Saturday, January 16, 2010

SMH on Australian debt levels

The SMH is reporting what followers to this blog have long known. Australia is binging on debt. And we are now the #1 debt-bingers in the world!!!


We accept that the US over-dosed on debt and this was a major contributor to their housing and retail-economy bubble; both of which are collapsing. Residential housing is down 30% and commercial real-estate (landlords for retail tenants) are down 40-45%.

So if Australians' were even bigger bingers than the US, what does this portend for Australian housing?

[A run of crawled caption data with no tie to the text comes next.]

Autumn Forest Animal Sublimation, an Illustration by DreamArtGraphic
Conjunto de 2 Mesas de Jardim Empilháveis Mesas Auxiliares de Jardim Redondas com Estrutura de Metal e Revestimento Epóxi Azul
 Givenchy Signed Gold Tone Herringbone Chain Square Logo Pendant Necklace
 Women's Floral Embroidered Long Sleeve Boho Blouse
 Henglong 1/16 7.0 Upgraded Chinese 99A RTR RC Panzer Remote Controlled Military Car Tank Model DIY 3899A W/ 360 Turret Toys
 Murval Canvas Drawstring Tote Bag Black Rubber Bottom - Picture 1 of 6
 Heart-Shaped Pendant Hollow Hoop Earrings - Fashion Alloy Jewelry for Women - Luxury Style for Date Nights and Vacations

Here's a snippet from the SMH article:

While millions of us max out our credit cards at January sales, three recent statistics together tell an alarming story. According to the Reserve Bank, for the first time Australians now owe more in household debt - on mortgages, credit cards and personal loans - than our entire economy earns in a year. That's $1.2 trillion of debt, or about $56,000 for every Australian man, woman and child.
Second, data commissioned from the Australian Bureau of Statistics by investment house CommSec showed where some of the debt was going. The bureau found that Australia can now lay claim to having the largest new homes in the world, even beating the United States. The average floor area of all new homes here is 214.5 square metres, an increase of nearly 50 per cent since 1985. When you consider that this is an average area, including flats and medium-density housing, then many of these new homes are truly gargantuan creations.
Finally, last week the ABS announced that retail spending for November grew at almost four times the trend rate, ahead of the Christmas peak. A fourth consecutive interest rate rise is suddenly possible when the Reserve Bank meets next month.
Despite the rosy economic undertones, the data collectively paint a worrying picture of a community of conspicuous consumers, eagerly buying lots of "stuff" on tick that we don't need or even use, stashing it away in McMansions that gorge energy to heat and cool, and giving the families that live there the carbon footprint of a small African country.